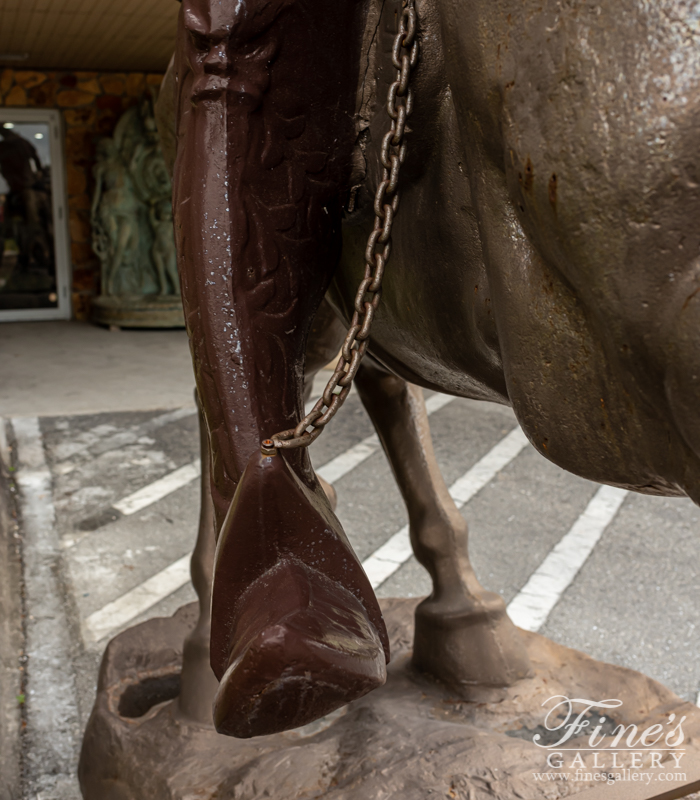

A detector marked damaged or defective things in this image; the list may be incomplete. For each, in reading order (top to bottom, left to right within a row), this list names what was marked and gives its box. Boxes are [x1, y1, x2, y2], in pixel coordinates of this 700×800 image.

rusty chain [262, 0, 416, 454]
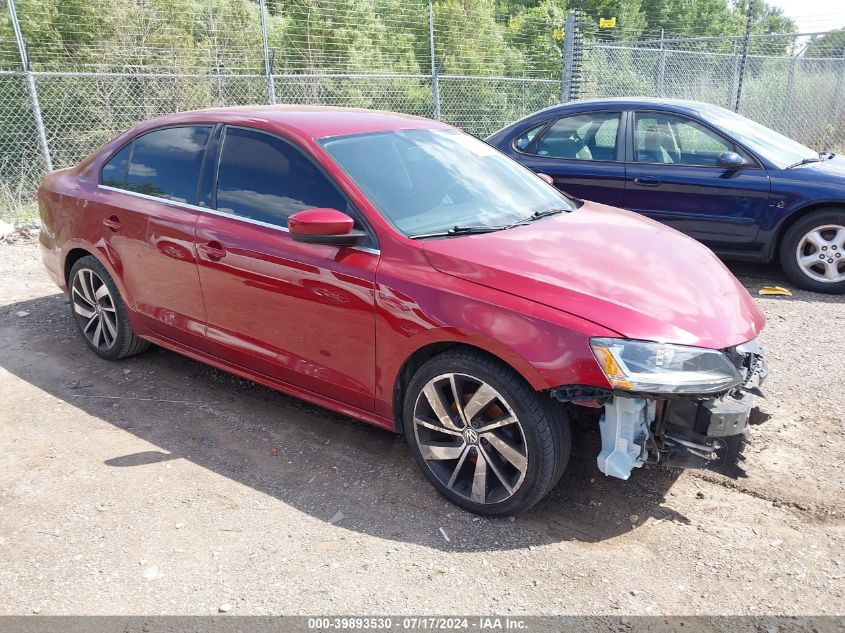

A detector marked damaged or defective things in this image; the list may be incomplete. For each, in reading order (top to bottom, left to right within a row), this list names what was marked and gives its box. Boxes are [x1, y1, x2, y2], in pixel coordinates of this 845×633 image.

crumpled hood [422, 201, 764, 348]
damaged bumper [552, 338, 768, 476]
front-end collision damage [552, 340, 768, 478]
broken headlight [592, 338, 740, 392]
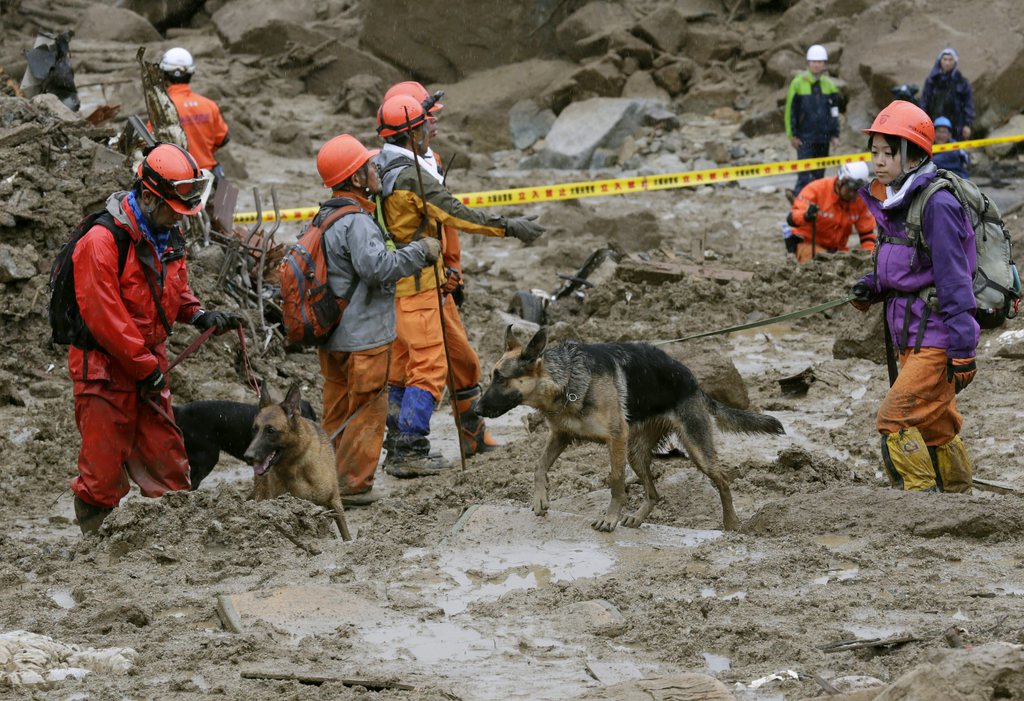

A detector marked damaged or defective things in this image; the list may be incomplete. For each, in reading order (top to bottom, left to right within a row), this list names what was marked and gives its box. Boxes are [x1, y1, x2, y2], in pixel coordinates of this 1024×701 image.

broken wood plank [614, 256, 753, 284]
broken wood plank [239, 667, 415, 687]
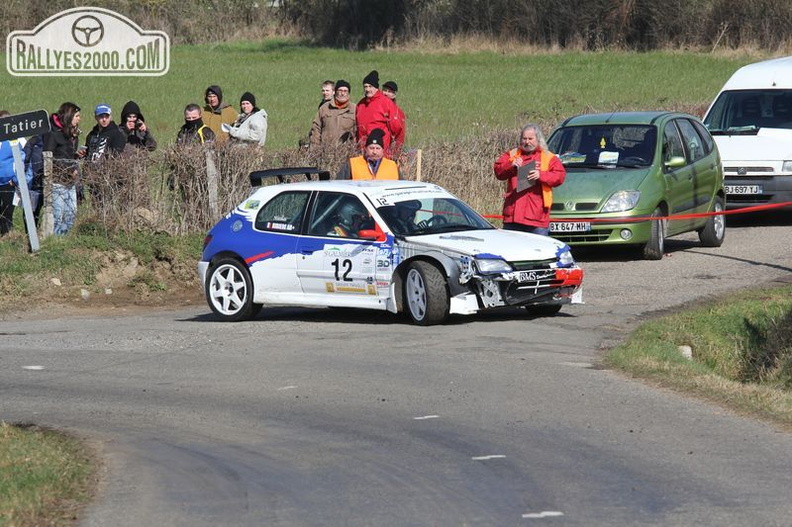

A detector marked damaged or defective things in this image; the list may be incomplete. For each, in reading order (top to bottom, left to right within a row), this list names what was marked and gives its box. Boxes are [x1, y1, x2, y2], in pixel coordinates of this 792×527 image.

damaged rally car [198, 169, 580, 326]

========================================

| PROBLEM TO SOLVE |
For the entries above, transcribe precisely the lines from the one with "this 792×527 image." through the end, including both.

| EXERCISE SOLUTION |
A detector marked damaged or defective things in this image; the list may be incomplete. For each, in reading order (top to bottom, left to right within a row), this list names what was marked and gives its box. Boxes are [x1, y1, x2, y2], in pixel coordinates of this 792×527 image.

damaged rally car [198, 169, 580, 326]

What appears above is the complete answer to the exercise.